La minaccia delle frange antagoniste e il caso Askatasuna
Se la manifestazione sindacale procede senza particolari intoppi, a offuscare l’atmosfera della Festa dei Lavoratori è l’ombra lunga delle infiltrazioni antagonisti, una preoccupazione concretizzatasi nelle ore precedenti e che ha imposto un serrato controllo del territorio da parte delle forze dell’ordine. A destare maggiore apprensione, in particolare, è l’eventualità che frange di antagonisti – tra cui figurano gli ex frequentatori dell’ex centro sociale Askatasuna, sgomberato lo scorso dicembre – tentino di deviare dal percorso ufficiale per dirigere la loro protesta verso corso Regina Margherita, dove sorge l’immobile conteso. Questo spezzone, che riunisce comitati di quartiere, attivisti No Tav e collettivi studenteschi, ha più volte manifestato l’intenzione di “riprendersi” fisicamente lo stabile, una dichiarazione di intenti che ha costretto le autorità a dispiegare un imponente cordone di agenti in tenuta antisommossa per prevenire qualsiasi tentativo di forzatura o blocco stradale nell’hinterland della struttura.

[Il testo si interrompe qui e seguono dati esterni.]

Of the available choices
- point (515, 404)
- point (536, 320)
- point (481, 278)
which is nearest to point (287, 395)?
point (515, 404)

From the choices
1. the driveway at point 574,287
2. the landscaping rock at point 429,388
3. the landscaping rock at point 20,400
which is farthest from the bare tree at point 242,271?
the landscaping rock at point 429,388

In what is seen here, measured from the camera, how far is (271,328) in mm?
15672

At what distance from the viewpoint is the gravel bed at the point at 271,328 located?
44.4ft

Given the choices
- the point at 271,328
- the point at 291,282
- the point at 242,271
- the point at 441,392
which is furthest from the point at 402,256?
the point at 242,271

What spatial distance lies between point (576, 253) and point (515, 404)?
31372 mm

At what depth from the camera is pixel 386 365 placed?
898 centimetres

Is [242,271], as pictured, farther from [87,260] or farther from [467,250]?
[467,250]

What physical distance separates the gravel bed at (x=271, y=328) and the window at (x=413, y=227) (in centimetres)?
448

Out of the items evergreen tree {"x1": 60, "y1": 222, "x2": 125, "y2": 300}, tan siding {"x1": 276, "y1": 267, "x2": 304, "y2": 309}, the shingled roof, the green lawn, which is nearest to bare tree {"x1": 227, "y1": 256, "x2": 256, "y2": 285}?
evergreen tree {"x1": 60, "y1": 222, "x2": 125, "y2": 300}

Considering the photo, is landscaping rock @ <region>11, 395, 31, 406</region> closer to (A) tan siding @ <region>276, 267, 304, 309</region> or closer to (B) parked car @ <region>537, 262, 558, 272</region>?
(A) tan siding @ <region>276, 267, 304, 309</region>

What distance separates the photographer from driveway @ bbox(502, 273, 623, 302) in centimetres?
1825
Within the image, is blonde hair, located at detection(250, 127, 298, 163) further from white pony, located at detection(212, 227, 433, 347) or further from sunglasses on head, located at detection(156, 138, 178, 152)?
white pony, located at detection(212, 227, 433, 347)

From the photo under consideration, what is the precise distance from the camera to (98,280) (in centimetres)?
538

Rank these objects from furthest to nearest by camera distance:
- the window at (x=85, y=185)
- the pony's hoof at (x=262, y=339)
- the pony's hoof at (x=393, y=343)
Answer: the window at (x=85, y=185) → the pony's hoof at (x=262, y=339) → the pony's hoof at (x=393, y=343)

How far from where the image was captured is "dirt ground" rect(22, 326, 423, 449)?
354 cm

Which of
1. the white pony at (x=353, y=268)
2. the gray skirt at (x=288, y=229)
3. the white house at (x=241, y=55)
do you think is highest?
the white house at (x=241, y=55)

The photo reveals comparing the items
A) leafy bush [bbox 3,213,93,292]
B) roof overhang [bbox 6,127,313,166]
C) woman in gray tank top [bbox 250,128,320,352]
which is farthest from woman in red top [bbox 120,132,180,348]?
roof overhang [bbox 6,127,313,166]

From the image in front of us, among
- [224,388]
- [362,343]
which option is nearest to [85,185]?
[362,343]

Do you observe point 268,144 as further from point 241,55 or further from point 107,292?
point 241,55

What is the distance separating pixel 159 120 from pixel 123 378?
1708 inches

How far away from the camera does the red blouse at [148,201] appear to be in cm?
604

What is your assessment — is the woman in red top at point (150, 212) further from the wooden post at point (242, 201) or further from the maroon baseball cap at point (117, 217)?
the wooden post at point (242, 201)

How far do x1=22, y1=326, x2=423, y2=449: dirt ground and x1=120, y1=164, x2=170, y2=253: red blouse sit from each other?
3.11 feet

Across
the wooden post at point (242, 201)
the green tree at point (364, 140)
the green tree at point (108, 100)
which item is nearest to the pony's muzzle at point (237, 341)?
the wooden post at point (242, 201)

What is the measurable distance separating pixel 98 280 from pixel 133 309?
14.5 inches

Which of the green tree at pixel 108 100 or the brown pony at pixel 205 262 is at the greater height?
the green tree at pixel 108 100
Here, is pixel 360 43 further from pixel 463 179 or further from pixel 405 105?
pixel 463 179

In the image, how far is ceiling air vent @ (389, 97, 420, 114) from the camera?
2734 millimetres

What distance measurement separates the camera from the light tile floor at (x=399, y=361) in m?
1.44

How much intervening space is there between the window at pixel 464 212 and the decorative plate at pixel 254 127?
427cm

Interventi e rivendicazioni nella piazza del Capoluogo
Mentre la coda del corteo raggiunge piazza Castello, il palco allestito per i relatori diventa il centro della narrazione politica della giornata, dove si alternano voci che rappresentano le diverse sfaccettature del mondo del lavoro. Oltre ai vertici sindacali, sono attesi gli interventi di testimoni diretti delle nuove povertà lavorative, come un rider e una delegata di un call center, figure simbolo di quella gig economy che i sindacati intendono mettere sotto accusa. Sul palco troverà spazio anche Giulia Tofana, la rappresentante della Gioc (Gioventù Operaia Cristiana), a dimostrazione della volontà dei manifestanti di includere nel dibattito anche le istanze delle nuove generazioni che si affacciano a un mercato del lavoro segnato dalla precarietà. È proprio su questo fronte che si concentrano le proposte dei segretari: la richiesta di una legge europea sul salario minimo e la necessità di regolamentare l’uso dell’intelligenza artificiale nei processi produttivi, onde evitare che l’automazione diventi una mera scusa per licenziamenti e dequalificazione.